The parameter of interest may be at least one of: i) formation mobility; and ii) formation permeability. The correction factor may be determined using at least one of: i) a complementary error function; and ii) numerical inversion of laplace transform. The correction factor may be determined using estimated formation porosity and at least one of: i) predicted formation permeability; and ii) predicted formation mobility. The correction factor may be determined using a geometric factor. The correction factor may be determined using both draw-down and build-up measurements. The correction factor may be determined using superposition. The correction factor may be determined using formation compressibility. The correction factor may be determined using at least one of: i) gas saturation; ii) oil saturation; and iii) water saturation.

Another general method embodiment includes modeling the formation using an adjusted time-dependent pressure of a fluid sampled from the formation through a probe extending to the formation through a wall of the borehole, wherein the adjusted time-dependent pressure is determined by applying a correction factor compensating for total compressibility to time-dependent pressure measurements of the fluid.

Apparatus embodiments may include a tool body; a fluid sampling unit associated with the tool body configured to sample fluid from the formation while in the borehole, the fluid sampling unit including a probe configured to contact a wall of the borehole; and a processor configured to use a correction factor to conduct a flow rate analysis on fluid sampled from the formation by the fluid sampling unit, wherein the correction factor compensates for total compressibility.

The processor may be configured to carry out the methods described above. The processor may be configured to determine at least one of: i) the product of formation porosity and total compressibility; ii) system compressibility; and iii) initial formation pressure. The processor may be configured to determine a mobility of the formation using a slope of a linear relationship of a time-dependent pressure of the fluid with respect to a formation flow rate. The processor may be configured to apply the correction factor to pressure measurements of the sampled fluid to derive the time-dependent pressure.
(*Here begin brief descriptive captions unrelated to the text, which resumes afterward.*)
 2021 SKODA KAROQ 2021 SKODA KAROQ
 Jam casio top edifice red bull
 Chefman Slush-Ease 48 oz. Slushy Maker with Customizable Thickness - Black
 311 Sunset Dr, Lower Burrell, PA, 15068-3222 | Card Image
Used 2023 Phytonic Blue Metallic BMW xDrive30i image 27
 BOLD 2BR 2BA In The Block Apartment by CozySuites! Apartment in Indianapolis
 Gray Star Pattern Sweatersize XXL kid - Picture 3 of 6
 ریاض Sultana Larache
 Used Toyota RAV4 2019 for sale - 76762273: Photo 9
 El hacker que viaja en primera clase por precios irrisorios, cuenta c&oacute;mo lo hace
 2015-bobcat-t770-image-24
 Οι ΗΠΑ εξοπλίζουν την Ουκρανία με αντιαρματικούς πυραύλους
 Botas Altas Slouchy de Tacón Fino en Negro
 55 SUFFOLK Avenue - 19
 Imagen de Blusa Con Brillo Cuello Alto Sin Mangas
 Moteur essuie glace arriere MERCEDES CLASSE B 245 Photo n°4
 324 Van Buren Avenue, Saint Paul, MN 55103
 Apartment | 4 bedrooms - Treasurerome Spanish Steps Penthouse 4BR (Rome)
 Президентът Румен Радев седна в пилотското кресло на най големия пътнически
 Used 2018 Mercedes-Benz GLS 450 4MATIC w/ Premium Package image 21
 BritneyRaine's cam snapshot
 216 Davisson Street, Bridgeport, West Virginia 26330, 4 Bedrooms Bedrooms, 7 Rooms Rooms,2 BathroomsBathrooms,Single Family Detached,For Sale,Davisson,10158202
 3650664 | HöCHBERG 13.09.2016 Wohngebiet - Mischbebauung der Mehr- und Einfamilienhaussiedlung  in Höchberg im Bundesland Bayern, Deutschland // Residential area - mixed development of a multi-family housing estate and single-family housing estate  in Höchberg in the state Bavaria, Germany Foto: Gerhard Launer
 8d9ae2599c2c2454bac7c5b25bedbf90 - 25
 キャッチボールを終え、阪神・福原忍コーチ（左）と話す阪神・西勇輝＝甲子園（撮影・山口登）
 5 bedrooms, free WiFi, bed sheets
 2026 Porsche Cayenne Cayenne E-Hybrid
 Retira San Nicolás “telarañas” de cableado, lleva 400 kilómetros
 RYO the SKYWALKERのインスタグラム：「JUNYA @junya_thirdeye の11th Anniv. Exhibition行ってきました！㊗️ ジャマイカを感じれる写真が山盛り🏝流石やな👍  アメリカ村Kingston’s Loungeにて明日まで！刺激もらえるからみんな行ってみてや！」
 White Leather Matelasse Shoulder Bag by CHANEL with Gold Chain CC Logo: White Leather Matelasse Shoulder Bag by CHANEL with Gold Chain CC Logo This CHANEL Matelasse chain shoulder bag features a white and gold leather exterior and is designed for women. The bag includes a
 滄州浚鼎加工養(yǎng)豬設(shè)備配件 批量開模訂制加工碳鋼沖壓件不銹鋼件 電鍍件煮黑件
Further embodiments may include a non-transitory computer-readable medium product having instructions thereon that, when executed, cause at least one processor to perform a method as described above. The product may have instructions thereon that cause the at least one processor to use a correction factor to conduct a flow rate analysis on fluid sampled from the formation via a probe contacting a wall of the borehole, wherein the correction factor compensates for total compressibility. The non-transitory computer-readable medium product may include at least one of: (i) a ROM, (ii) an EPROM, (iii) an EEPROM, (iv) a flash memory, or (v) an optical disk.

Examples of some features of the disclosure may be summarized rather broadly herein in order that the detailed description thereof that follows may be better understood and in order that the contributions they represent to the art may be appreciated.

BRIEF DESCRIPTION OF THE DRAWINGS

For a detailed understanding of the present disclosure, reference should be made to the following detailed description of the embodiments, taken in conjunction with the accompanying drawings, in which like elements have been given like numerals, wherein:

FIG. 1 schematically illustrates a drilling system in accordance with embodiments of the present disclosure;

FIG. 2 is a section of drill string in accordance with embodiments of the present disclosure;

FIG. 3 illustrates a formation sampling tool in accordance with embodiments of the present disclosure;

FIG. 4 illustrates a wireline tool in accordance with embodiments of the present disclosure in communication with the formation;

FIG. 5 shows a downhole formation multi-tester instrument in accordance with embodiments of the present disclosure;

FIGS. 6A and 6B show charts of dimensionless adjustment pressure with respect to dimensionless time;

FIG. 7A compares an FRA plot created using the prior art method against a corrected FRA plot;

FIG. 7B shows adjustment pressure with respect to time;

FIG. 8 shows a flow chart for estimating a parameter of interest of an earth formation intersected by a borehole in accordance with embodiments of the present disclosure;

FIG. 9 shows a flow chart for using a correction factor to conduct a flow rate analysis on the fluid sampled from the formation in accordance with embodiments of the present disclosure.

DETAILED DESCRIPTION

In aspects, this disclosure relates to estimating a parameter of interest of an earth formation intersected by a borehole. The at least one parameter of interest may include, but is not limited to, one or more of: (i) mobility, (ii) permeability, (iii) viscosity. The method may include using a correction factor to conduct a flow rate analysis on fluid sampled from the formation via a probe contacting a wall of the borehole. The correction factor may compensate for total compressibility.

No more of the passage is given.